— Requirement —
Begin your copy at the line that holds "TCA/PRC-152A Remastered Standard" and carry it through the final line of the data, writing out each line exactly and omitting pictures.

— Data —
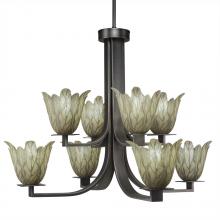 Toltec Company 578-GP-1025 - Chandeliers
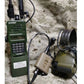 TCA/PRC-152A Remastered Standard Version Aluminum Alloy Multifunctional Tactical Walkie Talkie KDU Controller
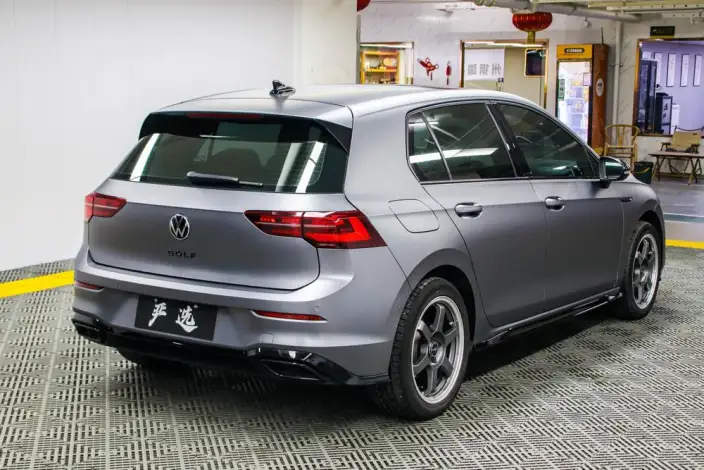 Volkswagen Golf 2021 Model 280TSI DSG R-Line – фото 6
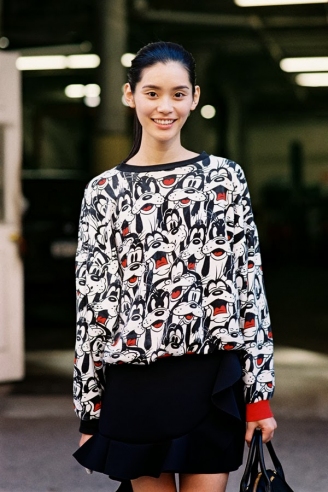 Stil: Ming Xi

— Response to this exercise —
 TCA/PRC-152A Remastered Standard Version Aluminum Alloy Multifunctional Tactical Walkie Talkie KDU Controller
 Volkswagen Golf 2021 Model 280TSI DSG R-Line – фото 6
 Stil: Ming Xi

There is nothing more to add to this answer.